Un ministro dell’Interno avrebbe un solo, irrinunciabile dovere: difendere con ogni mezzo il cittadino che ha scoperchiato Gomorra ed è diventato per questo una “vittima” potenziale dei clan. E invece Salvini fa l’opposto. Non solo non difende quel cittadino che vive da 12 anni blindato. Non solo lo minaccia di togliergli la scorta e lo espone a colpi di tweet all’esecrazione pubblica su quella “ tavola calda per antropofagi” che è ormai diventata la Rete.
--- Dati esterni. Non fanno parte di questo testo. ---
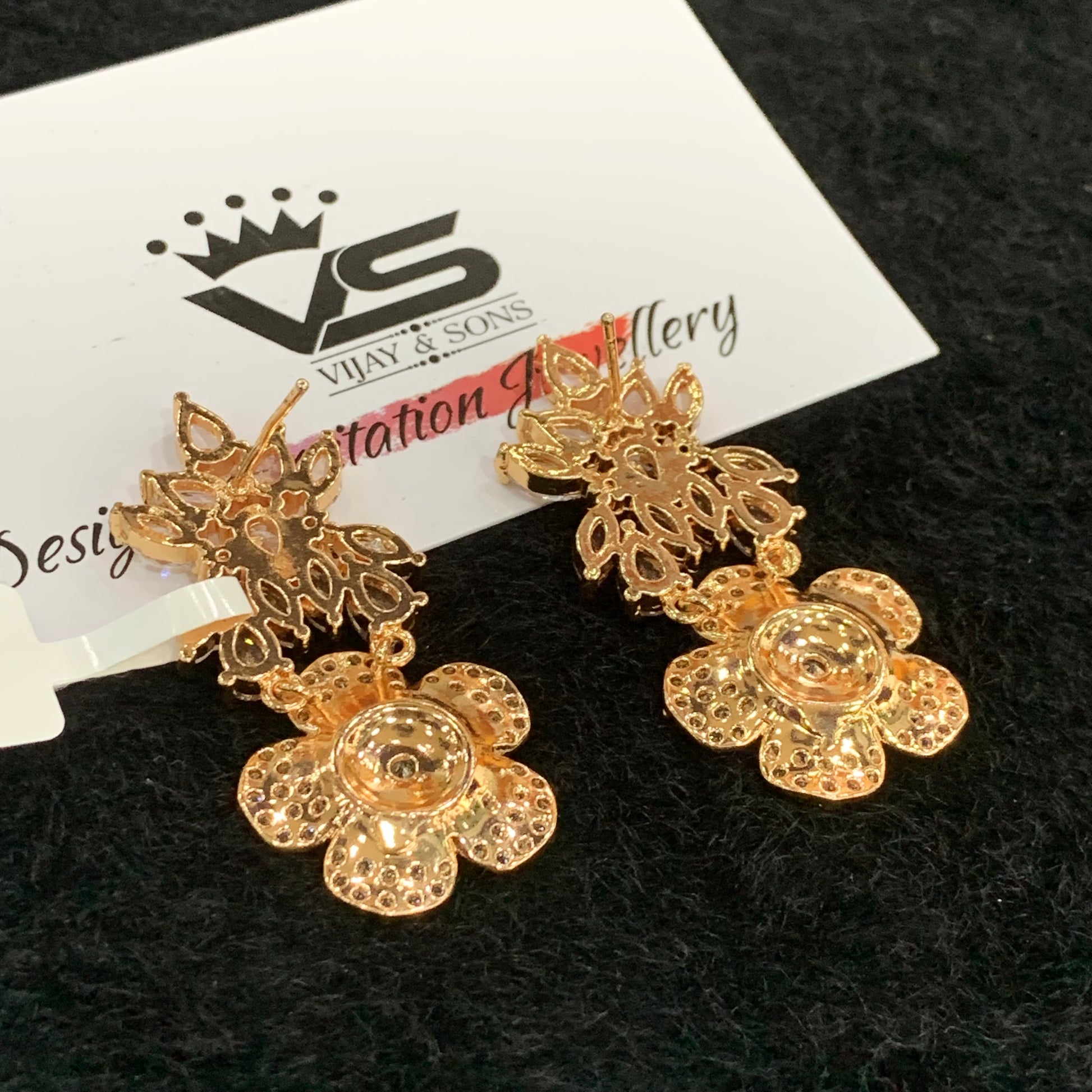 American diamond earrings 464678 - Vijay & Sons
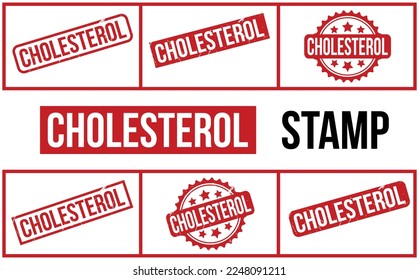 Cholesterol Rubber Stamp set Vector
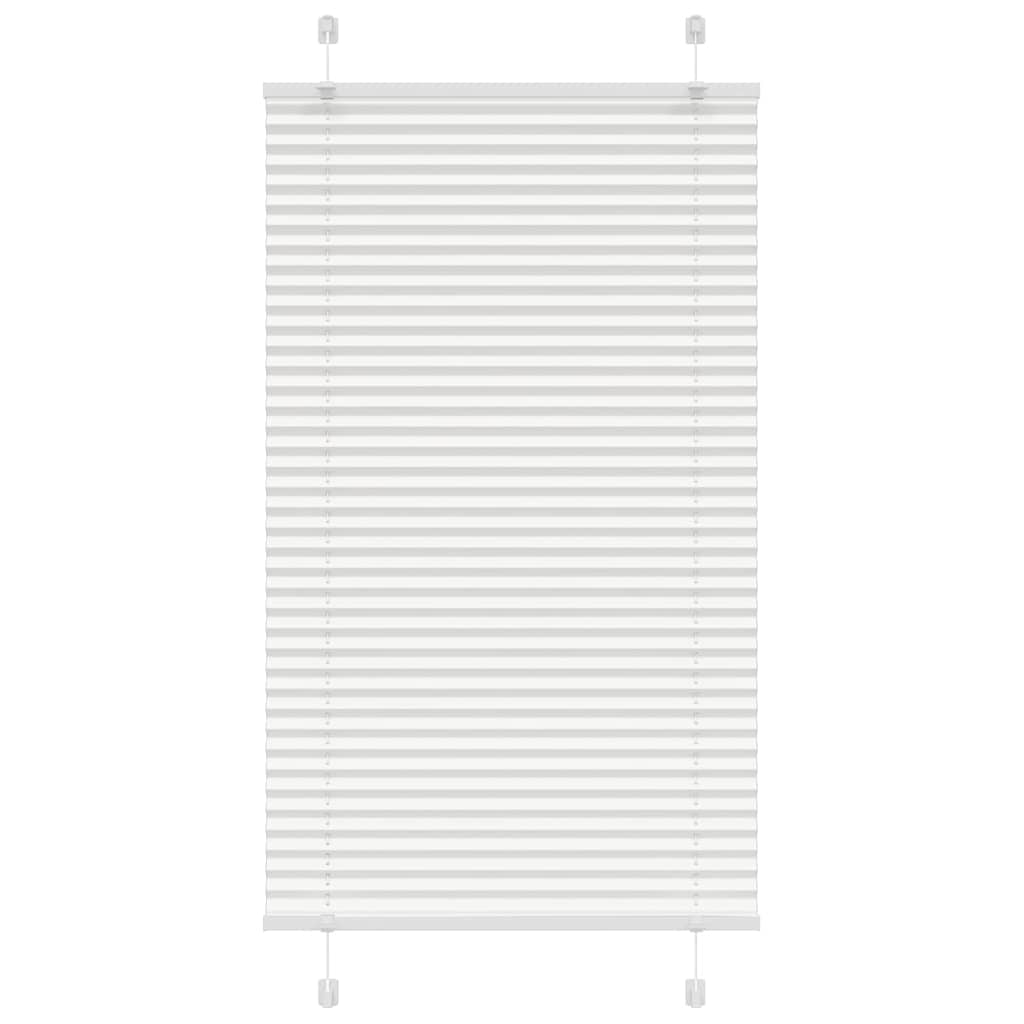 Vidaxl plissé rolgordijn 75x150 cm stofbreedte 74,4 cm polyester wit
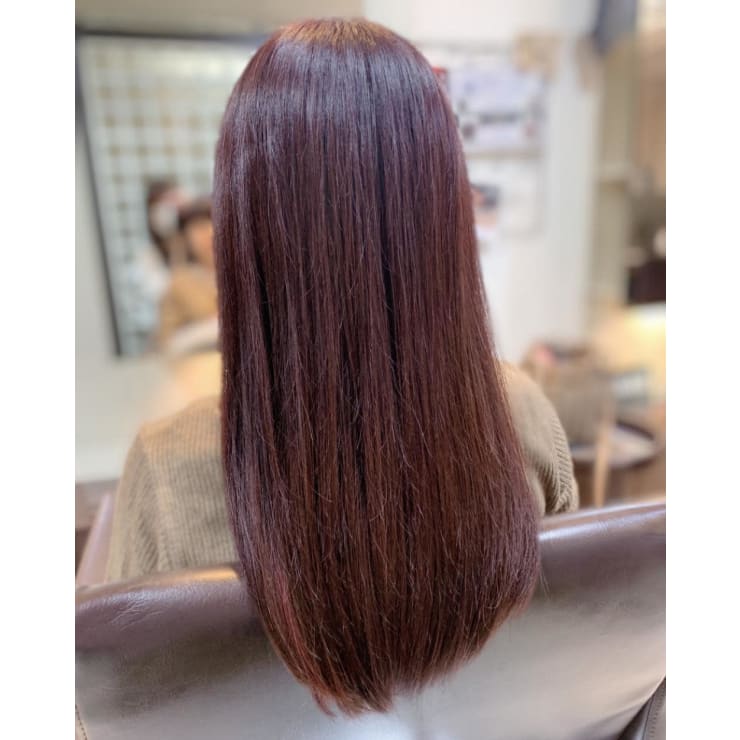 秋のモーブカラー 髪質改善 予防美髪専門店 Stilla Smooth カミシツカイゼンヨボウビハツセンモンテン スティラスムース のヘアスタイル 美容院 美容室を予約するなら楽天ビューティ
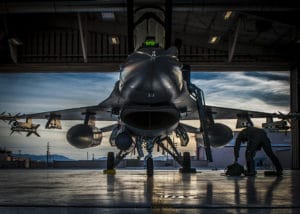 F-16 Hangar Maintenance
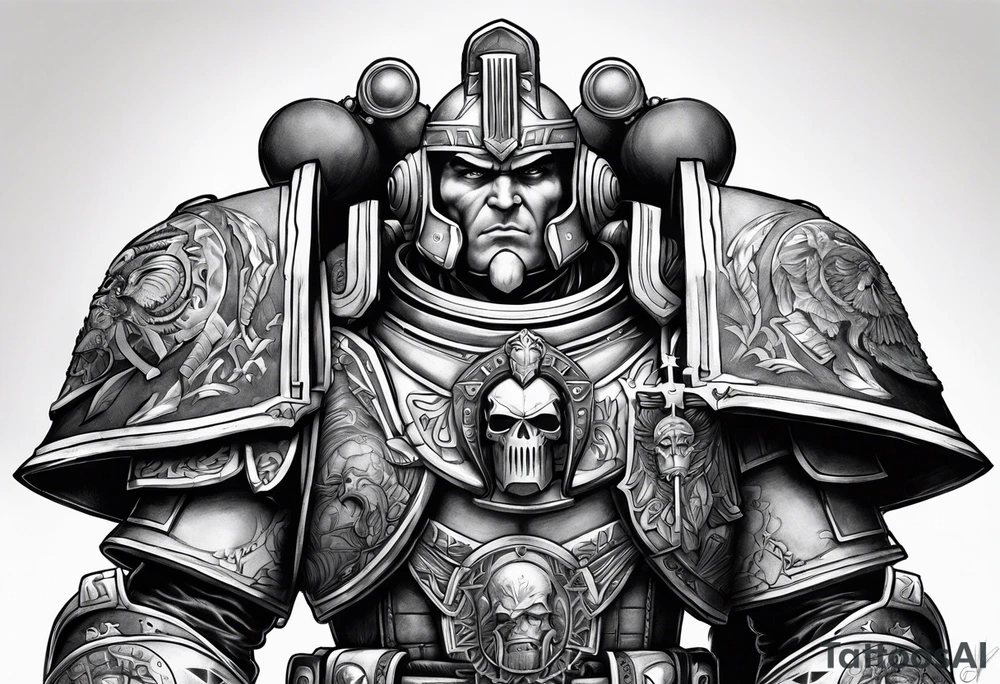 warhammer 40000 space marine robautte guilliman tattoo idea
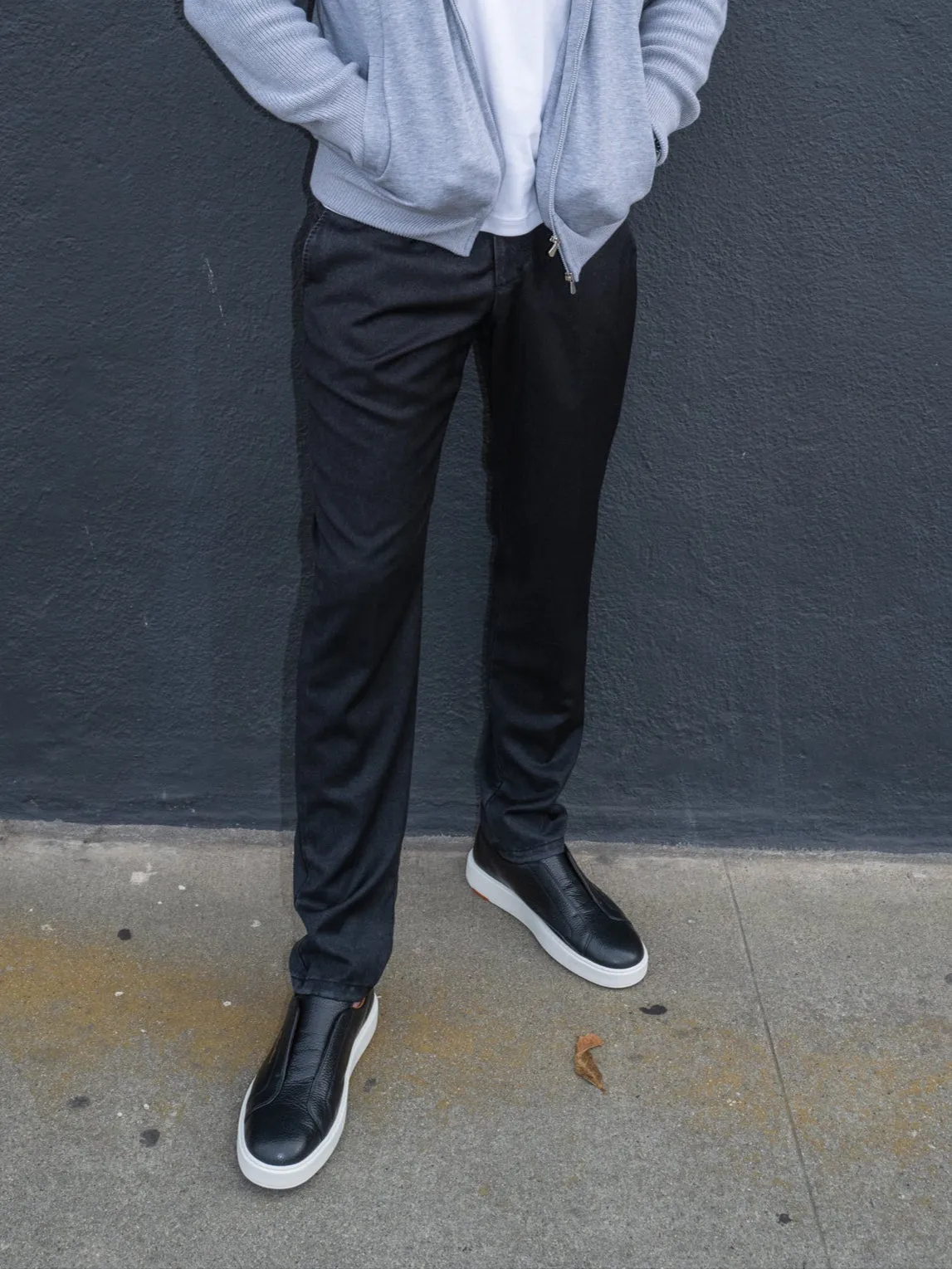 Caracciolo Drawstring Trousers - Faded Black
Ma diventa il suo carnefice, chiamandolo, in nome dell’intero governo della Repubblica, a rispondere davanti a un tribunale dei suoi giudizi politici. Così il ministro dell’Interno, depositario dello Stato di diritto, diventa il tenutario dello Stato di eccezione. Un passo inquietante verso la Russia di Putin o la Turchia di Erdogan.
È vero, Saviano ha formulato giudizi durissimi nei confronti di Salvini. L’ha chiamato “ministro della malavita”. E non si può pretendere che il capataz leghista, cresciuto e allevato nelle scuole padane, apprezzi Gaetano Salvemini e il significato con il quale il grande storico italiano usò quella definizione nei confronti di Giolitti. Ma il merito della controversia, a questo punto, non c’entra. Quello che c’entra è invece la qualità della nostra democrazia, sempre più esposta e fragile di fronte al dilagare della cultura dell’intolleranza, all’insofferenza verso il dissenso. Ovunque si annidi. Non solo in un libro, in un articolo di giornale, in un post su Facebook. Ma persino nei documenti ufficiali degli apparati e degli organismi pubblici e para-pubblici. Nelle stesse ore in cui Huffington Post rendeva nota la querela contro Saviano su carta intestata del Viminale, davanti alla Commissione parlamentare Tito Boeri denunciava un corto circuito politico- istituzionale altrettanto grave. Anche il presidente dell’Inps ( per le sue critiche sulla xenofobia che danneggia la demografia, sull’abolizione della legge Fornero e infine sugli effetti del decreto dignità) è finito da tempo nel mirino di Salvini. E per questo ha ricevuto lettere di insulti e messaggi di morte. « Non posso accettare minacce da parte di chi dovrebbe presiedere alla mia sicurezza personale», ha risposto. Vale per Boeri, vale per Saviano, vale per tutti gli italiani.
Un governo che chiama uno scrittore sul banco degli imputati. Quello che sgomenta davvero, di fronte alle tante e sempre più intollerabili nefandezze pronunciate e compiute da Salvini, è il silenzio del premier Conte e del vicepremier Di Maio. Un silenzio assordante. Un silenzio complice. Un’acquiescenza da anni Trenta. Un’ignavia da “spirito di Monaco”. L’anticamera di una “democratura” non più occidentale.